Photo Credit: NCR
POS systems are used by cashiers in shops to process orders and to check out customers. Everyone knows how frustrating it is to have to wait in line if the shopkeeper is slow. However, that pales in comparison to the anxiety experienced by retailers when queues form.
One of the first images that come to mind when thinking of retail is of the large number of cashiers
typically laid out in stores. Perhaps more so than anywhere else, any savings in time at POSs and
cash registers, when multiplied by their (at times) vast numbers, are bound to generate huge savings
in retail chains’ operational costs.
Among Future POS’s key objectives was the ability to offer holistic user experience, as a means of maintaining enhanced retailer/shopper relationships, producing strong retailer brand identity, and increasing customer stickiness and loyalty.
While the user goal in a standard web or mobile app is achieved within the app,
in a POS system, the goal is always offline. In a way, the software application only
hampers the cashier in getting the good bagged, and the customer serviced.
Personas reflect consumers, our employees’, and our customers’ employees as they operate within a role. These roles are independent of the tools they are using at the moment. Some of these were created by CxD Design Thinking Workshop for the Future POS project. Research was based on experience with retail, and most recently field studies with "Real Shop" cashiers, store managers, and corporate IT.
Based on User Feedback
The results highlighted that we needed to prioritize the content. To disseminate the research learnings, we created a customer journey map.
The next phase was to prepare a Demo for presentation at the NRF 2020. With the research results and the inputs from key stakeholders I've taken the leadership on the design process.
Working backwards from a fixed launch date, meant that design was subsumed into an engineering‐driven process. Sign‐off milestones were driven by engineering estimates and time to create the right design was the time left over. The combination of a fixed launch date and aggressive scope created an intense environment with many coordination and time challenges.
Photo Credit: NCR
From Sketch to Figma
In the midst of the project, CxD management decided to move from Sketch to Figma, which is good in the long run. In the short term, this meant that I had to transfer a huge amount of mockups to Figma. I had to built a component library literally from scratch, including all the mockups and prototypes made.
It took quite a long time to do this and has shape a culture which seeks to earn trust through accountability, diving deep into the details and inviting others to scrutinies work. Heavy documentation is the artifact of such a culture.
The basic task of scanning a product is simple and straightforward, but navigation is required to solve some tasks. For example, sometimes the standard flow involves searching for products or price (Price Query). Other situations include age-restricted items, recall or void transaction, department sale, price override, adding coupons or identifying a loyal customer.
Whenever navigation is involved, things can get very complicated.
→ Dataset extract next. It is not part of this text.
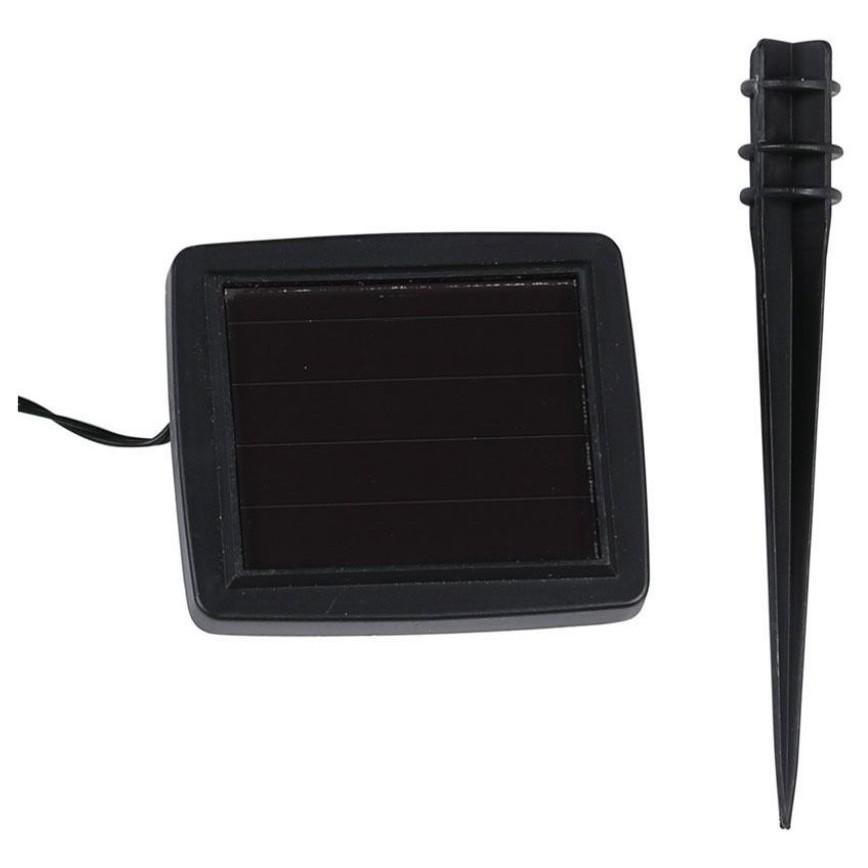 LED aurinkoketju 10xLED/1W/1,2V 1xAA 2 m IP44 3000K 300 mAh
I had to deal with hierarchical structures and invested time into creating additional documentation to facilitate the work with the data, better articulate and distribute design rationale. Doing this upfront was quite time consuming, but saved a lot of back‐and‐forth as the project progressed.
The content prioritization framework helped to create visibility into my decision‐making process
and encourage the team to share in the vision.
There are 3 different modes: no-sale, sale and transaction.
The gallery below shows some of the POS designs for Desktop.
To validate our assumptions we conducted usability test with 8 professional cashiers on both the Desktop and Mobile platforms of the Future POS Prototypes. The feedback from the participants was generally positive, but the number of findings and NPS score suggest that there is room for improvement.
• I value simplicity and usefulness. I aspire to make people happy by designing experiences that just get out of the way. Craftsmanship and carefully thought out details are important to me.
• This is not about perfectionism, but rather an insistence for quality. Quality that should never be compromised, even in the first version of a product. Quality is the responsibility of an entire organization and I have learned that magical experiences are only possible if the whole team truly shares in the same values and aspirations.